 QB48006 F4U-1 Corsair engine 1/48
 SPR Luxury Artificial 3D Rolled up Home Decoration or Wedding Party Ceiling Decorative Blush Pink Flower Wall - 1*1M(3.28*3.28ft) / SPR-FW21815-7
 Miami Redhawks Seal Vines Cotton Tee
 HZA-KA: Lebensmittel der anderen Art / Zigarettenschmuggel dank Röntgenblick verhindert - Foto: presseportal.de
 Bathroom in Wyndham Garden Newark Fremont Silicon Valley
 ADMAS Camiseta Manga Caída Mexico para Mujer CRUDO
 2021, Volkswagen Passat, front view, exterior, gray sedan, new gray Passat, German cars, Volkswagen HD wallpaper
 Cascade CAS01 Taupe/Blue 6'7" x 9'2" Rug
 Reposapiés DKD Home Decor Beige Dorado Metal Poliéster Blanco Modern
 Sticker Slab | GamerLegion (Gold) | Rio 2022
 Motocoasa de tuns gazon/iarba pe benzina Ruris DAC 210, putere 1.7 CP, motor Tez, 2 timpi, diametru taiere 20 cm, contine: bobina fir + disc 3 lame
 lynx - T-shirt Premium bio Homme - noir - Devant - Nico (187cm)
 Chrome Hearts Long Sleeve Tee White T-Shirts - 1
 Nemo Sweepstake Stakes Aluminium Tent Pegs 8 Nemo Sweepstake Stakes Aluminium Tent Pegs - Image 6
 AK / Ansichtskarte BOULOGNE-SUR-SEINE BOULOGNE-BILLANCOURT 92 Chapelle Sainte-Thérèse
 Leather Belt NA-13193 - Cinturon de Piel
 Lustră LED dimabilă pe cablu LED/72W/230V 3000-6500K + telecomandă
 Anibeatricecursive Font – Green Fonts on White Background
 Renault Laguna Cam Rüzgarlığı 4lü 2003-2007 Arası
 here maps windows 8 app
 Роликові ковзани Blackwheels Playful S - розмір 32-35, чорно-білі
──────────
• _Aim of the task_
All of the data above should be reproduced exactly, with nothing left out.

• _The answer_
 QB48006 F4U-1 Corsair engine 1/48
 SPR Luxury Artificial 3D Rolled up Home Decoration or Wedding Party Ceiling Decorative Blush Pink Flower Wall - 1*1M(3.28*3.28ft) / SPR-FW21815-7
 Miami Redhawks Seal Vines Cotton Tee
 HZA-KA: Lebensmittel der anderen Art / Zigarettenschmuggel dank Röntgenblick verhindert - Foto: presseportal.de
 Bathroom in Wyndham Garden Newark Fremont Silicon Valley
 ADMAS Camiseta Manga Caída Mexico para Mujer CRUDO
 2021, Volkswagen Passat, front view, exterior, gray sedan, new gray Passat, German cars, Volkswagen HD wallpaper
 Cascade CAS01 Taupe/Blue 6'7" x 9'2" Rug
 Reposapiés DKD Home Decor Beige Dorado Metal Poliéster Blanco Modern
 Sticker Slab | GamerLegion (Gold) | Rio 2022
 Motocoasa de tuns gazon/iarba pe benzina Ruris DAC 210, putere 1.7 CP, motor Tez, 2 timpi, diametru taiere 20 cm, contine: bobina fir + disc 3 lame
 lynx - T-shirt Premium bio Homme - noir - Devant - Nico (187cm)
 Chrome Hearts Long Sleeve Tee White T-Shirts - 1
 Nemo Sweepstake Stakes Aluminium Tent Pegs 8 Nemo Sweepstake Stakes Aluminium Tent Pegs - Image 6
 AK / Ansichtskarte BOULOGNE-SUR-SEINE BOULOGNE-BILLANCOURT 92 Chapelle Sainte-Thérèse
 Leather Belt NA-13193 - Cinturon de Piel
 Lustră LED dimabilă pe cablu LED/72W/230V 3000-6500K + telecomandă
 Anibeatricecursive Font – Green Fonts on White Background
 Renault Laguna Cam Rüzgarlığı 4lü 2003-2007 Arası
 here maps windows 8 app
 Роликові ковзани Blackwheels Playful S - розмір 32-35, чорно-білі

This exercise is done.